= David V. Erdman =

American editor (1911–2001)

David V. Erdman (November 4, 1911, in Omaha, NE - October 14, 2001) was an American literary critic, editor, and Professor Emeritus of English at the State University of New York at Stony Brook. Professor Erdman established his reputation as a William Blake scholar.

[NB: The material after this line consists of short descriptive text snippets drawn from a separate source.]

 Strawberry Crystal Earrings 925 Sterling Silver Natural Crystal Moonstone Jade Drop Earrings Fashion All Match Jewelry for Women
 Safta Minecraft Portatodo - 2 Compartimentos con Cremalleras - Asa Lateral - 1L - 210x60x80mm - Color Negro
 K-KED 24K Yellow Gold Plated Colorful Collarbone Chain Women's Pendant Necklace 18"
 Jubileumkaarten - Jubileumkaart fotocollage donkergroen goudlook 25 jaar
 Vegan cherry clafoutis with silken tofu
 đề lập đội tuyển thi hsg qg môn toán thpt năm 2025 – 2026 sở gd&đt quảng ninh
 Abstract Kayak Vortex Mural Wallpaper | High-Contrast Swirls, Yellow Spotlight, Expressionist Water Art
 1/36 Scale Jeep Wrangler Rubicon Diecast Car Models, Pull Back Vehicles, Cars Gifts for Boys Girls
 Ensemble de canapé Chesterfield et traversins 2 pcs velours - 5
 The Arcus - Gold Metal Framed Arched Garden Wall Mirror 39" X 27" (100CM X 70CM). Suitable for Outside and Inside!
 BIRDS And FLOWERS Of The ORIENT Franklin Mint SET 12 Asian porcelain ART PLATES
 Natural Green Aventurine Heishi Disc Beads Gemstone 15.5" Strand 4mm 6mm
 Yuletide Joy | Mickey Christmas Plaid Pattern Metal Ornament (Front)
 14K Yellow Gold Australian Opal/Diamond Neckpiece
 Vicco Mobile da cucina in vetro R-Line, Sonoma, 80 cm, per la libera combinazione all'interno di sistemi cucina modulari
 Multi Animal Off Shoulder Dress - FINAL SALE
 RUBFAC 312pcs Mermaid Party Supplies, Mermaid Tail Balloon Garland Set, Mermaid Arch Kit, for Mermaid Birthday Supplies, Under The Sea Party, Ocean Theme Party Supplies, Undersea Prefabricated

==Early life and education==
Erdman was born on November 4, 1911, in Omaha, Nebraska, to Carl Morris and Myrtle (Vorse) Erdman. He received his Bachelor of Arts from Carleton College in 1933. He then proceeded to Princeton University where he received a Ph.D. in 1936. After graduating from Princeton he married Virginia Bohan in 1937.

==Academic career==
Throughout his career in academia Erdman held a number of university positions. After graduating from Princeton in 1936, he became a professor of English at the Agriculture, Mechanical and Normal College (now the University of Arkansas at Monticello). He held this position until the next year when he became an instructor of English at the University of Wisconsin—Madison. He stayed at Madison from 1937 until 1941. For the next year, he was an instructor in English at Olivet College, Olivet, MI. During the 1942-43 academic year, he was an assistant professor at The Citadel in Charleston, SC. For the next three years, he did not hold position at a university, but rather worked for the United Auto Workers-Congress of Industrial Organizations (UAW-CIO) in Detroit, MI as an editor in the education department, from 1943 until 1946. In 1948, he returned to the academy as an assistant professor at the University of Minnesota, Minneapolis, a position he held until 1954. In 1968, Erdman became a professor at the State University of New York at Stony Brook and began editing publications for the New York Public Library, New York, NY.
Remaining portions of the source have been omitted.